Oh how wrong I was.  It was not long after I claimed my spot on the wall that I was surrounded by blonde highlights, Justin Bieber lookalikes, glitter, Victoria's Secret perfume, skinny jeans and loud mouths.  In about twenty minutes I went from being 30th in line to about 70th in line as car load after car load of these shiny, smelly, glittery teenagers were dropped of at the curb and joined their friends at the FRONT OF THE LINE!  And it was their parents who were dropping them off! Immediately, Mamma and I begin to make very loud protestations at the rudeness unfolding before our very eyes.  After the third car load of kids broke in line we decided to go inside and complain.  We were assured that ushers and police would be out shortly to manage the line.  Good enough, thought I.  Surely the theater won't tolerate this.  

Wrong again.  The teenagers kept pouring in.  Finally, after an hour, the police and ushers arrive and begin to give the teenage mob a "talking to".  Exactly seven out of the fifty kids had the respect to move their asses to the back of the line.  The rest of these little effers actually stood there and pretended not to hear the cop speaking.  They ignored a cop!  It's been less than fifteen years since I was the same age as these kids and you can bet your sweet ass that if an officer of the law told me to do something, I did it.  Period.  Not only was I afraid of police, I was more afraid of my dad taking away my privileges. It was blatantly clear that these kids had ZERO respect for authority.  It was also clear that the police and the ushers had no intention of actually forcing the line breakers to move it to the back.  They asked the kids, rather politely, to move and when they didn't nothing happened.  I was expecting mace and tazers.  I was very let down that I wasn't going to see some teenage mob smack down from the po-po.  I wonder if it's too late in life to go to the police academy?  Like I told you before, I'll taze a kid.  Had I been the one wearing the badge, I would have picked off the Biebers first: taze, taze, taze.  

At one point, a little bouncy blonde bitch in a glittery pink sweater hops right out of her mothers car and joins the group of other bouncy blonde bitches standing in front of us.  She walked right past the "associate director" of the theater AND the police officer.  Wtf?  They WATCHED her do it and said nothing!  That moment is when my mouth decided to take over.  "Excuse me? Pink Sweater here just broke in line! In front of you!"  I was told they would not force her to move.  Fine, I'll force her to move.  "Hey, Pink Sweater! Take your ass to the back!  I haven't been standing here for two hours in the rain to have you walk up in all your glittery pinkness and get in front of me.  Move your ass!" Pink Sweater cowered behind one of the Biebers and pretended not to hear.  I turned my attention back to the theater boss man.  I informed him, politely, that this was unacceptable.  He literally shrugged his shoulders and gave me an "I'm outnumbered here" look and walked off.  Dick.  He doesn't deserve to be the "director" of anything if he can't direct the Beibers and the Pink Sweaters to the back of the line!  It's not hard.  Give them a choice: get to steppin' or get tazed.

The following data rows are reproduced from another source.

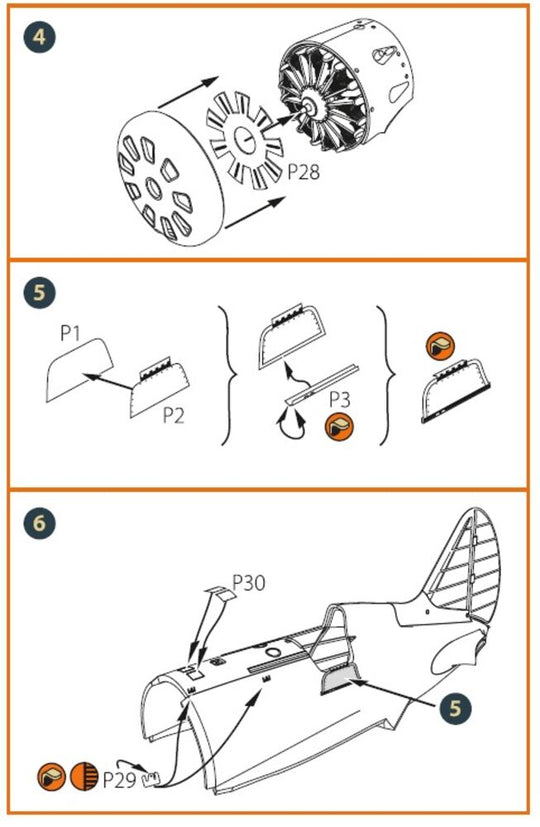 I-16 type 5 EXTERIOR PE parts for CP kits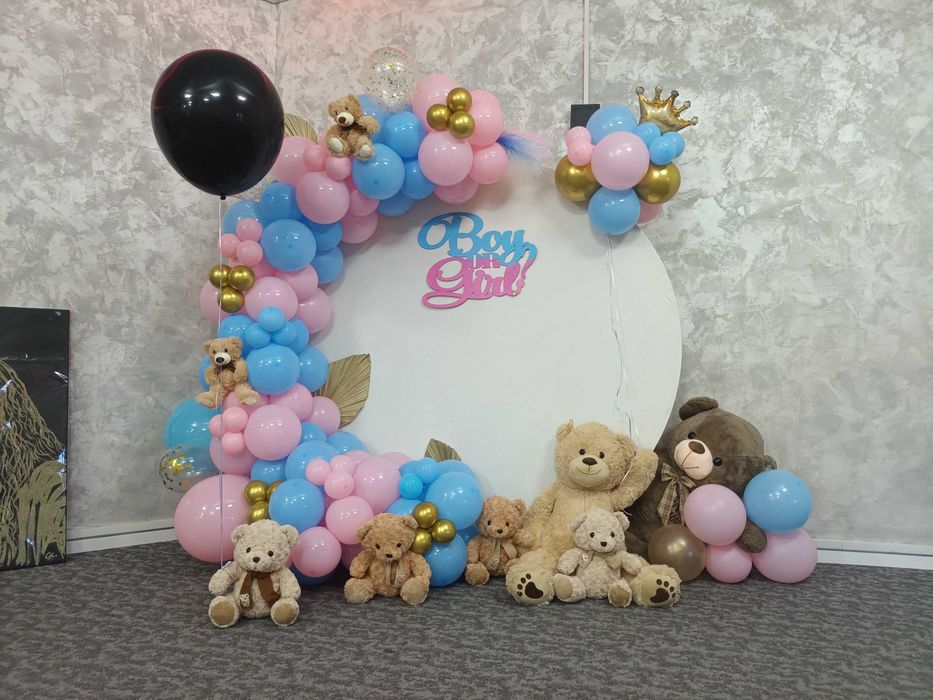 Arcada baloane Aranjamente baloane botez/gender reveal/majorat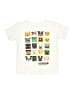 Minecraft 100% Cotton Animal Print Ivory Green Short Sleeve T-Shirt Size 5 - 6 - photo 1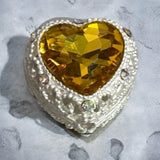 Rhinestone Metal Heart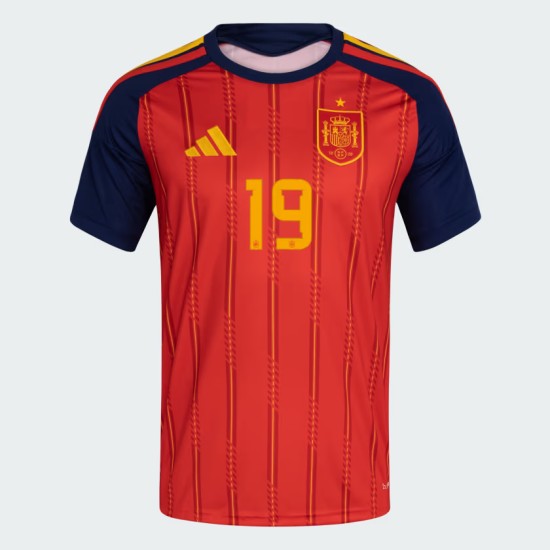 Maillot Officiel Domicile Espagne 2026 Femme LAMINE YAMAL #19 Maillot Officiel Domicile Espagne 2026 Femme LAMINE YAMAL #19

Once the po-po and the "director" walked off, one of the girls had the audacity to smart mouth me.  Had I been eleven years younger I would have gone all "hold my shit while I whip this bitches ass" on her.  Problem was, I didn't want to go to jail and have to wait until tomorrow to see the movie.  That's a lie, I would have scrubbed her ass across the sidewalk had the hubby not been in tow.  That little asshole should have thanked him for saving her face.  Had I been there with my cousin, she would have held my shit and taken me to the movie after we made bail.  Her exact words.  Is it un-fair for an almost thirty year old to beat up a teenage girl?  I think not.  If that little skank thinks she's big-girl enough to mouth off at me, she needs to be prepared for the consequences.  She then wanted to get in a stare-off with me.  "I've got fifteen years of being-a-bitch experience on you, Rookie.  You ain't got a pair of big girl panties quite large enough to take me on." Behind the Bieber she goes.  I'll claim that victory, small as it was.  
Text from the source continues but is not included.